But these words by the Writer enclose such wisdom that he himself, with his exemplary frankness, attributes them to Comenius: When once you have tasted sugarcane, or seen a camel, or heard a nightingale sing, these sensations will be so indelibly engraved on your memory that they cannot be erased. All three, the sugarcane, the camel, and the nightingale, are words applicable to my case and whose literal interpretation presents no difficulty whatsoever, because it explains and illustrates a certain fatal tendency of mine, the way I had of walking with bent body or gliding along the slippery plane of dance floors, my perverse and inexplicable — indecipherable, even with the Writer’s help — mania for dancing.

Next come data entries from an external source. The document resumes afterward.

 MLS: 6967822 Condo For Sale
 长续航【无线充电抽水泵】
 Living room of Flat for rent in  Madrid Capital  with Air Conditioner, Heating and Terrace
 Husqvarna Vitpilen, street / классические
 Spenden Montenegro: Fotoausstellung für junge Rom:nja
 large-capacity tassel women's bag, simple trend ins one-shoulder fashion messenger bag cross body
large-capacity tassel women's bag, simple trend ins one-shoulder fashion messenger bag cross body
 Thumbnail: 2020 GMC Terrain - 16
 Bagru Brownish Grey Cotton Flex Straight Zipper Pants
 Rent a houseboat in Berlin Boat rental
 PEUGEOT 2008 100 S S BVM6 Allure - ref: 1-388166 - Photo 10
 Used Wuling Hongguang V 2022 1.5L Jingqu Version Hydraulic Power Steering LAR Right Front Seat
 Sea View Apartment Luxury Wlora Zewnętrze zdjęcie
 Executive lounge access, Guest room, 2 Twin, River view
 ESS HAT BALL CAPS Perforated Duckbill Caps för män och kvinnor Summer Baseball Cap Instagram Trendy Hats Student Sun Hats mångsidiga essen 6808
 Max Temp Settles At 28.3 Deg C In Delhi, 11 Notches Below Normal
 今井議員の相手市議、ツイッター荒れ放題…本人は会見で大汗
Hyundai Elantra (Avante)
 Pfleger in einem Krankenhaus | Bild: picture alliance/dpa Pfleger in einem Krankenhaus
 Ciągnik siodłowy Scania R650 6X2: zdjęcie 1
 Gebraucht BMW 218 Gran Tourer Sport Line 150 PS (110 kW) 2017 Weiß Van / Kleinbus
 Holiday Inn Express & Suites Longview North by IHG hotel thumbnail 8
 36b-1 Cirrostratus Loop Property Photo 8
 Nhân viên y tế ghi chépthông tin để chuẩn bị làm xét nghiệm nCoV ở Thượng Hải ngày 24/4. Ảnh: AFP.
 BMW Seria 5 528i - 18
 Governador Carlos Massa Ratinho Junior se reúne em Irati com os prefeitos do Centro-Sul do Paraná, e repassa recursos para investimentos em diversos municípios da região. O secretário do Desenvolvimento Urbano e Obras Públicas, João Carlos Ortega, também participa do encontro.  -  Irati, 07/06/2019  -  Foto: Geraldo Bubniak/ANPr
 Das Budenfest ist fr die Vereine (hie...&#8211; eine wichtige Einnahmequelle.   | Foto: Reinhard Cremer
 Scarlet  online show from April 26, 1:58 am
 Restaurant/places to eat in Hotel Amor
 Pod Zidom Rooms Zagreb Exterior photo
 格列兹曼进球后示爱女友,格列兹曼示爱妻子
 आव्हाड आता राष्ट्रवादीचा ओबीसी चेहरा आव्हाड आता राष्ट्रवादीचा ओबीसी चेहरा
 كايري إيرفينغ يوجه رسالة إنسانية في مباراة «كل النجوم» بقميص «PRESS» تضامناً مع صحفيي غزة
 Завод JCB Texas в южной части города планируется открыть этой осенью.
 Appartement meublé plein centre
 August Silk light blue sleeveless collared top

Just when I thought I had overcome all obstacles — the incredulity of the tourists, the danger that Simeon would leave a party he deemed inappropriate to his royal dignity (he didn’t, he stayed right to the end), the terrible unseemliness of Batyk’s attire, the danger of the lions, the black cloak of their shoulders, their agate eyes — I was about to ruin everything by succumbing to an astutely planned blow, the most subtle way of undermining my efforts, the blackest of betrayals.

Batyk played his last card. He had doubted, perhaps until that very moment, the success of my undertaking, but when he saw that no one could stop us and witnessed the palpable victory of my plan, the last and final rusty partition that separated the somewhat less murky portion of his soul from the unfathomable reservoir of sewage in his chest gave way and the sewage broke through and flooded everything. And his eyes began to shoot out a grim gaze on which he came gliding in like a surfer, to put his blackest and most perfidious scheme into action.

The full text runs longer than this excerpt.